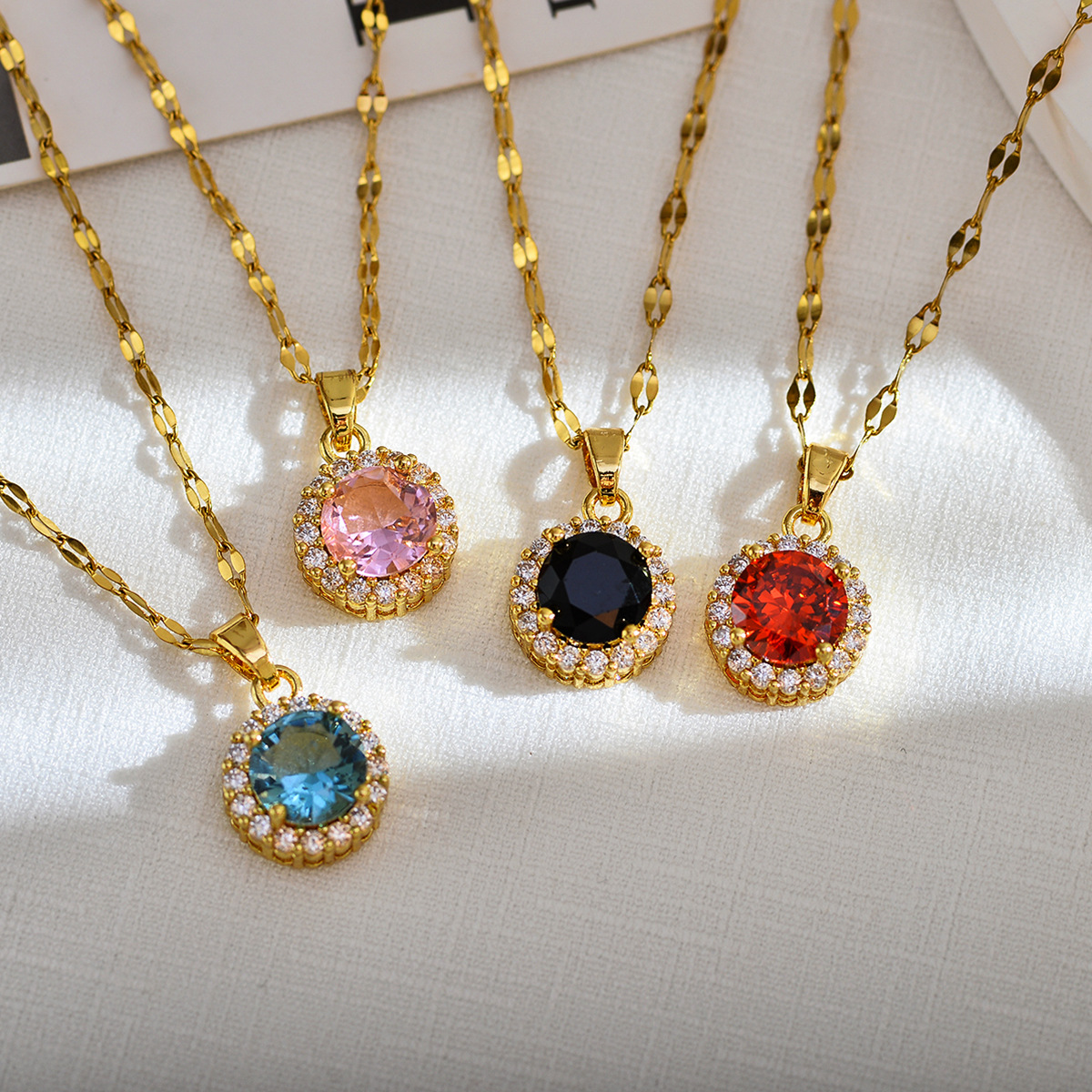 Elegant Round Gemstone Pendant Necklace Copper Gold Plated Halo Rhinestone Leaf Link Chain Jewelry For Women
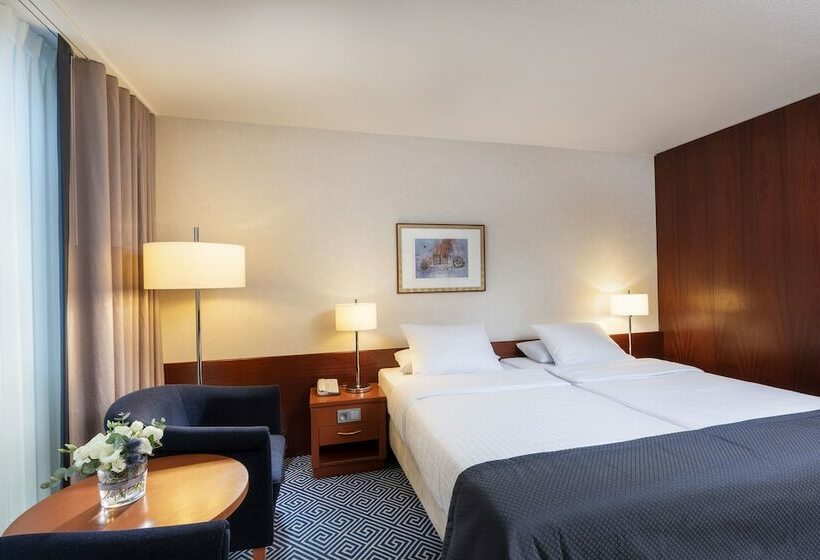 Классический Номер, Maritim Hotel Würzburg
--
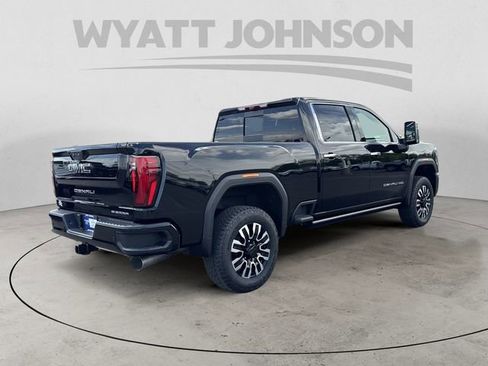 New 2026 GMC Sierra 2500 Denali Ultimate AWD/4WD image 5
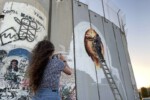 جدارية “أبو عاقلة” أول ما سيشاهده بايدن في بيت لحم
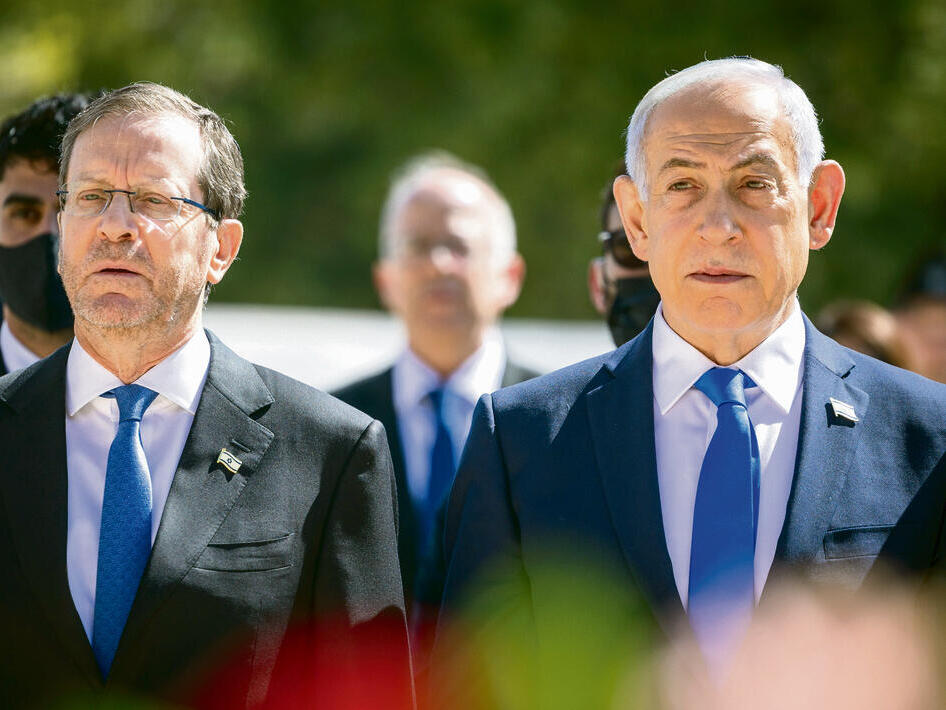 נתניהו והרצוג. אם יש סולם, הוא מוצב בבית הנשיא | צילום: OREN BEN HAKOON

• **YOUR INSTRUCTIONS**: Treat the line with "Elegant Round Gemstone" as the start and the line with "Классический Номер, Maritim Hotel Würzburg" as the end, and return exactly that span of the data above, both ends included, without pictures.

• **RESPONSE TO THIS TASK**:
 Elegant Round Gemstone Pendant Necklace Copper Gold Plated Halo Rhinestone Leaf Link Chain Jewelry For Women
 Классический Номер, Maritim Hotel Würzburg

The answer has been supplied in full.